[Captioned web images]
★ ★ ★ ★ ★ ★ ★

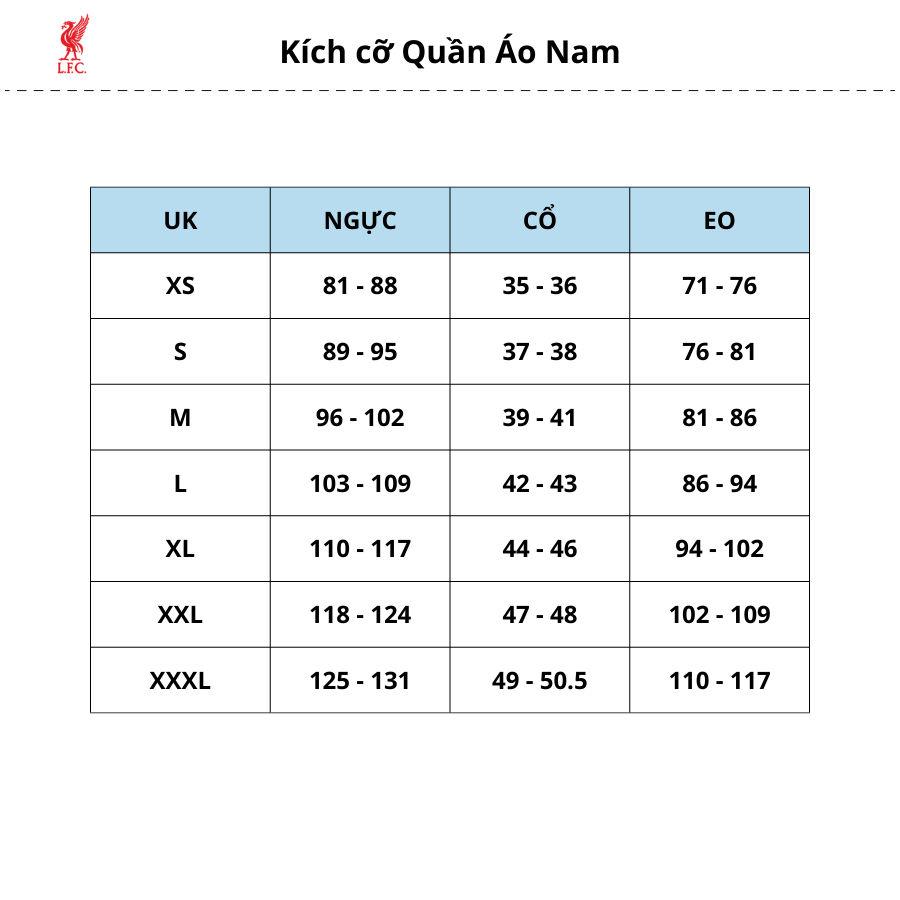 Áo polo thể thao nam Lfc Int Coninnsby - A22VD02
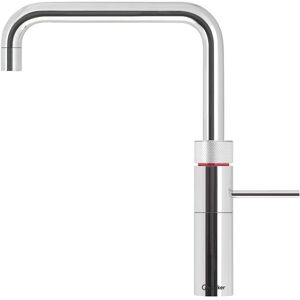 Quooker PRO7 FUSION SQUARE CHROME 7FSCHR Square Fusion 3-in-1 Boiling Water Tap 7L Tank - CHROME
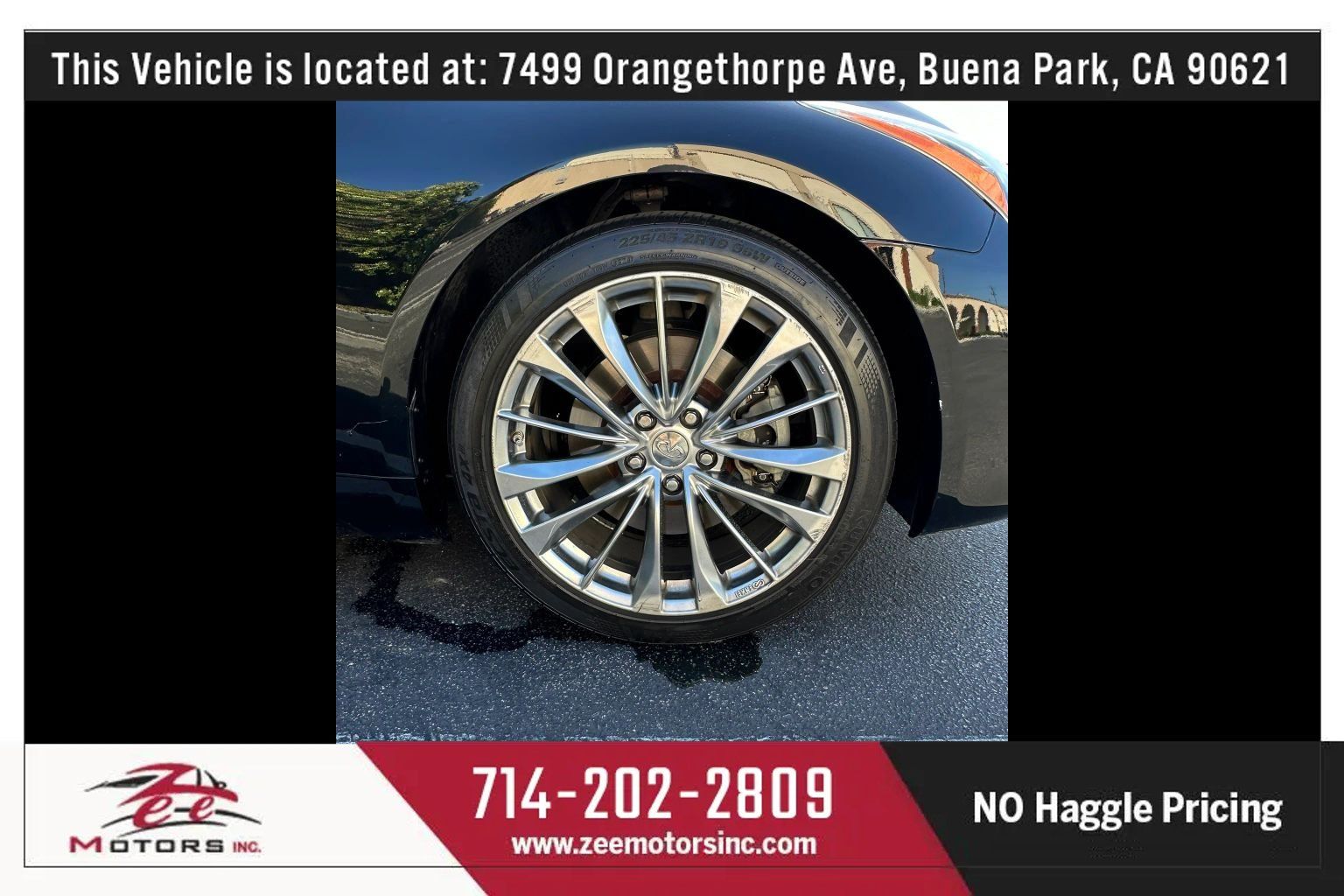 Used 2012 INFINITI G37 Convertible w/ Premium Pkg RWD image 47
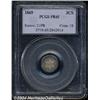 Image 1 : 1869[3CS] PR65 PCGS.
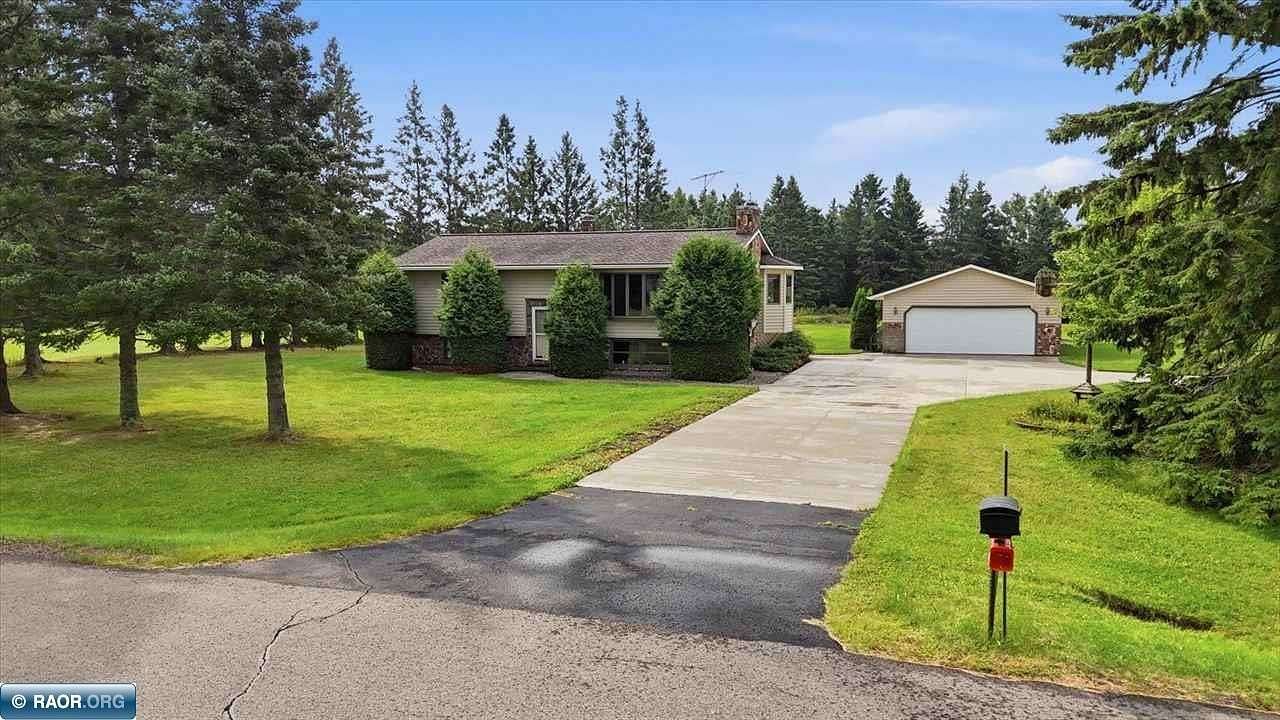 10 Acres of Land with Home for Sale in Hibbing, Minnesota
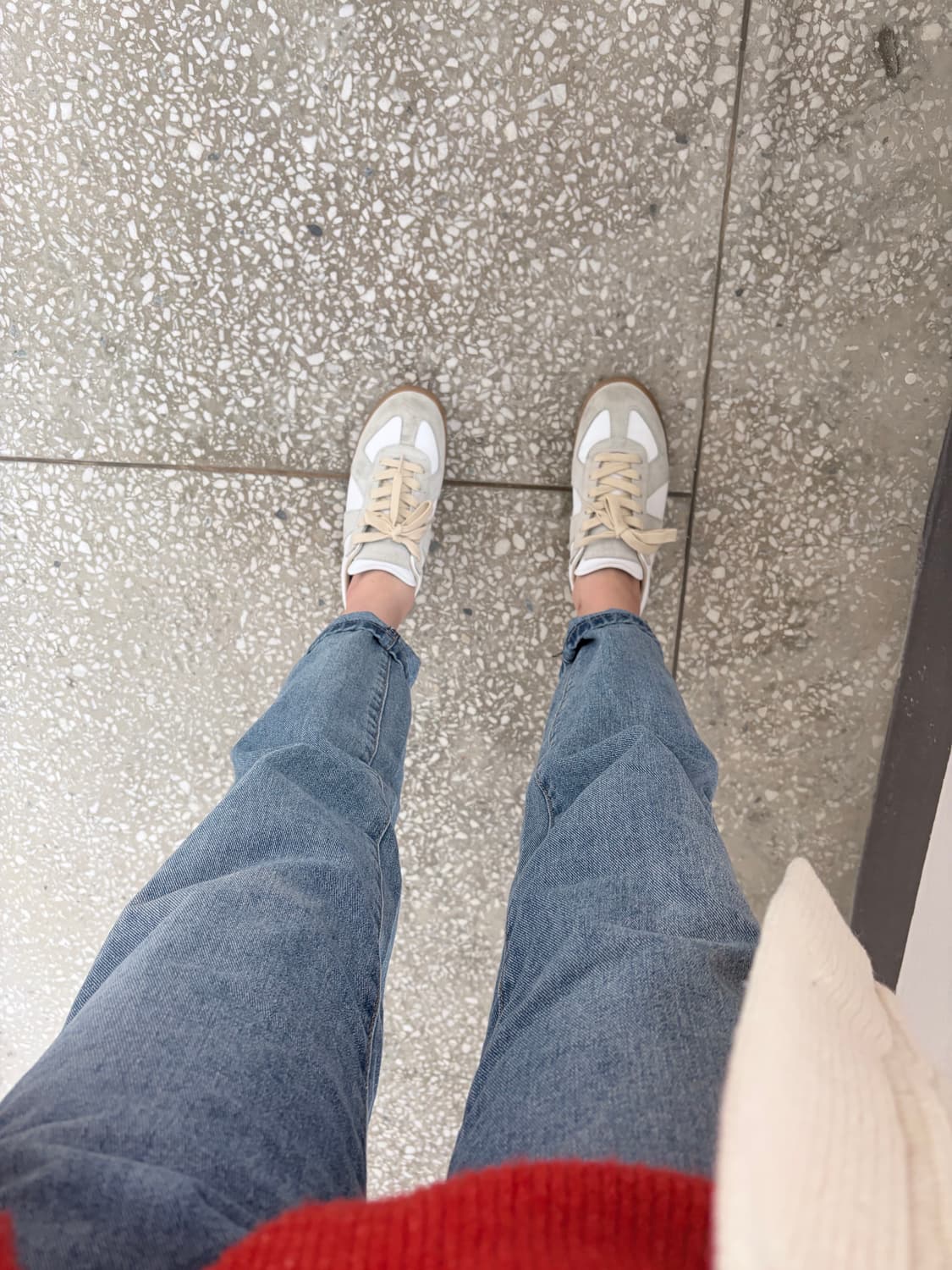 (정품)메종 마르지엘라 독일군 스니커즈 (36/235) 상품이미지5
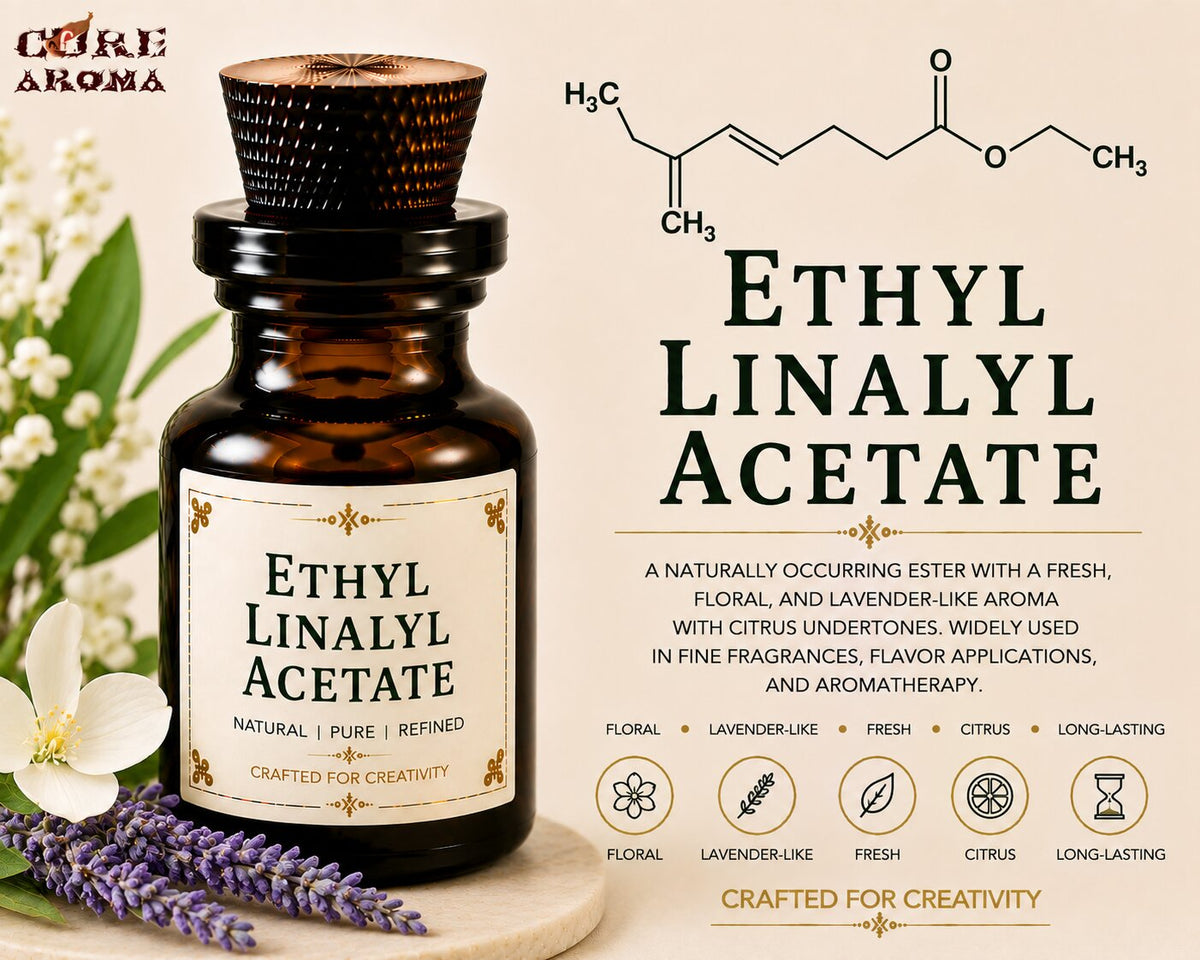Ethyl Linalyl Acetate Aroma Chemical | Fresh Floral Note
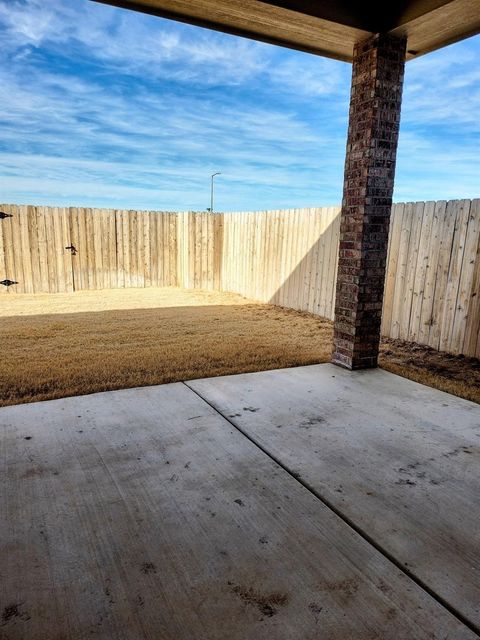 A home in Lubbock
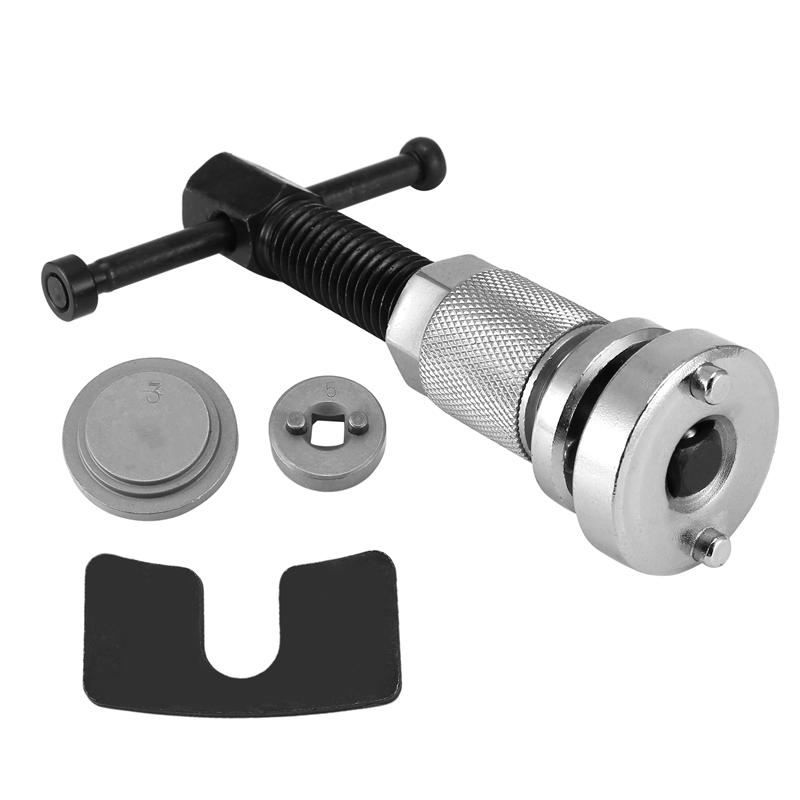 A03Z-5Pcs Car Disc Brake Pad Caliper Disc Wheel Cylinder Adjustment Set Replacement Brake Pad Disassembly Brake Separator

★ ★ ★ ★ ★ ★ ★

Find the line that contains "10 Acres of" and repeat it, along with every line after it to the end of the data, exactly; drop the pictures.

Task response:
 10 Acres of Land with Home for Sale in Hibbing, Minnesota
 (정품)메종 마르지엘라 독일군 스니커즈 (36/235) 상품이미지5
Ethyl Linalyl Acetate Aroma Chemical | Fresh Floral Note
 A home in Lubbock
 A03Z-5Pcs Car Disc Brake Pad Caliper Disc Wheel Cylinder Adjustment Set Replacement Brake Pad Disassembly Brake Separator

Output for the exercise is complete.